Le parking à étages de M'dina Jdida sera opérationnel d'ici une année, soit vers la fin de l'année en cours ou, au plus tard vers le début 2013. C'est ce que nous a indiqué le Secrétaire Général de la wilaya d'Oran. Il faut dire que les travaux de réalisation de ce projet ont accusé quelques retards. La première phase des travaux, qui a commencé fin 2006, avait été assez contraignante, en raison de plusieurs facteurs. Il fallait d'abord démolir l'édifice en ruine, une ancienne minoterie qui a été ravagée par un incendie, ce qui n'est pas une chose aisée en zone urbaine. Des fouilles ont été entreprises qui ont mis à jour des caves et autres cavités. Le terrain était donc «miné» et il fallait avancer avec prudence. L'entreprise a entrepris, ensuite, de réaménager les caves en question, qui abritaient, entre autres, des silos souterrains. L'entreprise qui devait réaliser les gros œuvres, BATEMCO, a rencontré moult problèmes et obstacles, notamment liés à la nature du terrain et des travaux à entreprendre et, parfois, aux conditions climatiques. En 2008, lors des travaux d'excavation, des pluies diluviennes qui se sont abattues sur la ville d'Oran ont provoqué des affaissements et il fallait recommencer le travail et avancer avec mille précautions, nous a indiqué un responsable de l'entreprise en question. Tant bien que mal, les travaux ont quand même pu continuer et la structure métallique de cinq niveaux - sans compter les sou-sols - de l'édifice a été réalisée. En 2009, la première phase fut achevée.

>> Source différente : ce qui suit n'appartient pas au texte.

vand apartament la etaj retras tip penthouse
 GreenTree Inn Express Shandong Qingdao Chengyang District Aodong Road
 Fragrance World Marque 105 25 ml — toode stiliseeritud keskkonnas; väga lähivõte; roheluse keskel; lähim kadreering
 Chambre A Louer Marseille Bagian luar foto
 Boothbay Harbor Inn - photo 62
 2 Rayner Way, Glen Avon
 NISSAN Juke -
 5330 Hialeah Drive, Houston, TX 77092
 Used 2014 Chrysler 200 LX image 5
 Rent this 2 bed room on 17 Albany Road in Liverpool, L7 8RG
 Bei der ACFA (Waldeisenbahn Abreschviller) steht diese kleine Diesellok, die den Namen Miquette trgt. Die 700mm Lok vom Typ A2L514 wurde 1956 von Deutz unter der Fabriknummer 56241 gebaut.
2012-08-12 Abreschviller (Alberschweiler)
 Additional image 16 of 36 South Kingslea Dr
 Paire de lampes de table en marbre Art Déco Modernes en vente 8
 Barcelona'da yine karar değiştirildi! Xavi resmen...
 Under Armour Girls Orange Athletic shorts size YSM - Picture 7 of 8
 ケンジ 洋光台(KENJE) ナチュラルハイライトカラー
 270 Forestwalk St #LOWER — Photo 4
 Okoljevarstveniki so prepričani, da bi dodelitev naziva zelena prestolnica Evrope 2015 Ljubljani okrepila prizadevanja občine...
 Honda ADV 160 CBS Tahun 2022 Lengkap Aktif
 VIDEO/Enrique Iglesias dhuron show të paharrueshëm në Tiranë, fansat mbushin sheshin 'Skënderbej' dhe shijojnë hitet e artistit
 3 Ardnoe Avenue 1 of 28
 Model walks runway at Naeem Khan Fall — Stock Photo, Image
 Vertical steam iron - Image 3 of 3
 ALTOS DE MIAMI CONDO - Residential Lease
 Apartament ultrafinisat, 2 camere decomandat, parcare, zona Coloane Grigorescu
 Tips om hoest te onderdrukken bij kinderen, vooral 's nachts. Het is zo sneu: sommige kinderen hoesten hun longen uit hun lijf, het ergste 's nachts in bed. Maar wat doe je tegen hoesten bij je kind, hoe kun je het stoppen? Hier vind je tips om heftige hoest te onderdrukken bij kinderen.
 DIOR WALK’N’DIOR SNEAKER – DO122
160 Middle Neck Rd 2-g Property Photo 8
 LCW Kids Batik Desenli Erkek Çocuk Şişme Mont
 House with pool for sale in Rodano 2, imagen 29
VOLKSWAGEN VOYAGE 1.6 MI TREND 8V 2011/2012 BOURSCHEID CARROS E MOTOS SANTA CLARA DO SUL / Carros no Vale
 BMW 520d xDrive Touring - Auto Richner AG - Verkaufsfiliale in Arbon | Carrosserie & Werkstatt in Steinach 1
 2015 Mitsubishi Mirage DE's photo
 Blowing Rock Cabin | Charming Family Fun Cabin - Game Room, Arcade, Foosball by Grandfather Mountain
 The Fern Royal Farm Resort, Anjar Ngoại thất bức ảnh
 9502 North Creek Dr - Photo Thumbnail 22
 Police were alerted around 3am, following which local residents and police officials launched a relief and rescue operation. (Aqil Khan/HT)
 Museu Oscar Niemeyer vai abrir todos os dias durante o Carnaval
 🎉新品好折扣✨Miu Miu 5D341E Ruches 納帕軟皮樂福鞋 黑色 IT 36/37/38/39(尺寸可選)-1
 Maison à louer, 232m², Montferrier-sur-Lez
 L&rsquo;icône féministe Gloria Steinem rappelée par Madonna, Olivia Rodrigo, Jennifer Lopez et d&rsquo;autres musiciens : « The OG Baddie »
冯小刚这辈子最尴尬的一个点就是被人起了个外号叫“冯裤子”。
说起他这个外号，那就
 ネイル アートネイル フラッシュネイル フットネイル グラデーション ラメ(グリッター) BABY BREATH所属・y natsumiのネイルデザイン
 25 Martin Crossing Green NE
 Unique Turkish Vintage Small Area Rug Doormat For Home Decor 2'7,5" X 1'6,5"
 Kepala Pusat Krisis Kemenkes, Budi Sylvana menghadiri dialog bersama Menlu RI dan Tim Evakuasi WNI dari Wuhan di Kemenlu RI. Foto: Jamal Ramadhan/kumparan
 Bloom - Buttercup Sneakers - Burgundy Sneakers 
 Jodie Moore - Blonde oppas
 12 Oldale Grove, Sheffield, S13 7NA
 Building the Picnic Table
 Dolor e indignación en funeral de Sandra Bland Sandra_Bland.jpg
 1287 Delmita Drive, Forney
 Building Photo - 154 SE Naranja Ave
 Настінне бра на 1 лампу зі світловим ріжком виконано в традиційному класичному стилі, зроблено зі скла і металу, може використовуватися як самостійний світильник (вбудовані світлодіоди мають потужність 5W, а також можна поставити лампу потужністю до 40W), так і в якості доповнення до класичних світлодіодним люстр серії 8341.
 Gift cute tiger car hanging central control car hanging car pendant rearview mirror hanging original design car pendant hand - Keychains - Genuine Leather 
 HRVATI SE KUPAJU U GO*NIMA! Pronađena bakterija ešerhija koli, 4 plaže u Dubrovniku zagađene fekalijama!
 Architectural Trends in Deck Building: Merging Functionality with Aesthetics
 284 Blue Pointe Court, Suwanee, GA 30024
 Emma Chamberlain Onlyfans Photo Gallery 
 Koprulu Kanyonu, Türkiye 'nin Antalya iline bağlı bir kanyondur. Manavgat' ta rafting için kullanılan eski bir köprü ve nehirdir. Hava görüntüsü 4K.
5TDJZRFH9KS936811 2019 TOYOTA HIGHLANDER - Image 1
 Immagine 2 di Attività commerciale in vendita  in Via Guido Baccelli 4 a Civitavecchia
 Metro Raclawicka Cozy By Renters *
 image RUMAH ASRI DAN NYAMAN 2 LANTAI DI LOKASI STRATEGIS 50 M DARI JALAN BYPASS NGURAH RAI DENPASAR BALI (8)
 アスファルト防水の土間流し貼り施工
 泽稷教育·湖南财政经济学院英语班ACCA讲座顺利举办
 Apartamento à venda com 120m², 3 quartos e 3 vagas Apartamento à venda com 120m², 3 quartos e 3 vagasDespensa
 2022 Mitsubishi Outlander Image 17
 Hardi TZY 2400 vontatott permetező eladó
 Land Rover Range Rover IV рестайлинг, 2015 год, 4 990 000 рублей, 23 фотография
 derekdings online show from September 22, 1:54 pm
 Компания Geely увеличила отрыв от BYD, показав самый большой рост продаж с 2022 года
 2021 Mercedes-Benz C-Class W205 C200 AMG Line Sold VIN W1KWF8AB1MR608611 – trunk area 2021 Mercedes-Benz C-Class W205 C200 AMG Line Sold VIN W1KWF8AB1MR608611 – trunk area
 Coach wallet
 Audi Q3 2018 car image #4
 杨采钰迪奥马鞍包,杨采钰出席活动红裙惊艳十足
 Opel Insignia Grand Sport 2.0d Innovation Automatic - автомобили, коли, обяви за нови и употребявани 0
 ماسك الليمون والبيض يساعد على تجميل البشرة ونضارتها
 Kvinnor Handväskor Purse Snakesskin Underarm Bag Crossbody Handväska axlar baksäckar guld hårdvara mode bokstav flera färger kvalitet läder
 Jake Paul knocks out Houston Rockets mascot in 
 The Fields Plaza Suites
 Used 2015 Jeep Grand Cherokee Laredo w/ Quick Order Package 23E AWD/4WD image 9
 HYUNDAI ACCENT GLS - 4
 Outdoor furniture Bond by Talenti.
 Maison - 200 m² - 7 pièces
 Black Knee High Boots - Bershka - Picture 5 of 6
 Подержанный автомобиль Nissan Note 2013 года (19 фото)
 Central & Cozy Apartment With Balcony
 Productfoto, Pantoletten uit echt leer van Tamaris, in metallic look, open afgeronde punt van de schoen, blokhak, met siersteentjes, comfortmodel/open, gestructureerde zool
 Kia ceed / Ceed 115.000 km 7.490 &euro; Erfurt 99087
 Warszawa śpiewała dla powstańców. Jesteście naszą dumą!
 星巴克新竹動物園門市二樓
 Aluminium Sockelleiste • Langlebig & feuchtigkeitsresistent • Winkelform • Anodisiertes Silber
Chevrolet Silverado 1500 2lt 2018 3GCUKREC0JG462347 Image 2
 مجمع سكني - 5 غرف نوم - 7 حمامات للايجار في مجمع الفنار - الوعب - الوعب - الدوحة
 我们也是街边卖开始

En mars 2011, un avis d'appel d'offres pour le choix d'une entreprise pour l'achèvement des travaux a été lancé. Une entreprise a été choisie et les travaux relancés. Aujourd'hui, il ne reste que les travaux de mise en place des murs de séparation à entreprendre. D'autre part, des locaux commerciaux, une trentaine sont prévus au niveau du rez-de-chaussée de ce parking, des locaux qui pourront offrir à quelques commerçants des espaces pour exercer leur activité.

En gros, le parking aura une capacité d'accueil de 3.000 véhicules.

Mais un problème risque de se poser après la réception du projet, celui des voies d'accès. En effet, les commerces informels foisonnent à cet endroit et l'accès au parking, comme la sortie, sans parler du tramway, risquent de créer un goulot d'étranglement à cet endroit.

Au sujet des commerçants installés autour et dans les alentours immédiats, le SG de la wilaya nous a expliqué qu'une «formule est à l'étude pour trouver une solution adéquate sans pénaliser les commerçants».

Pour rappel, la wilaya d'Oran avait consacré une enveloppe de 100 milliards de centimes pour la réalisation de parkings à étages, dans le cadre du programme de développement complémentaire décidé par le président de la République au lendemain de sa visite à Oran. Sur les neuf parkings à étages programmés à l'intérieur du tissu urbain, la wilaya s'est ainsi engagée à réaliser trois parkings qui deviendront sa propriété. Concernant le reste des parkings, la wilaya a opté pour l'adjudication au profit d'investisseurs intéressés par ce créneau.

Cependant, en 2006, le wali d'Oran avait annoncé l'ouverture de l'investissement dans la réalisation de parkings à étages et d'autres en sous-sol. Cette décision faisait suite à l'étude de faisabilité du projet du tramway d'Oran, notamment en ce qui concerne les problèmes de stationnement dans la ville d'Oran et le manque cruel de parkings. Le projet était de régler ce problème avant la réception du projet du tramway, afin de lui permettre de circuler en toute sécurité. Cependant, en 2012, aucun des cinq parkings à étages programmés à Oran n'a vu le jour et les premiers essais du tramway devraient débuter le mois prochain. Oran, répétons-le, manque cruellement de grands parkings et, souvent, la circulation devient impossible à cause des stationnements anarchiques. Toujours en 2006, les avis d'appel d'offres pour la construction de 6 parkings à étages avaient été déclarés infructueux. Les investisseurs potentiels étaient plus attirés par la construction de centres commerciaux que de parkings. Le cahier des charges des parkings à étages prévoit une trentaine de locaux commerciaux par parking, mais les rares investisseurs exigeaient une centaine.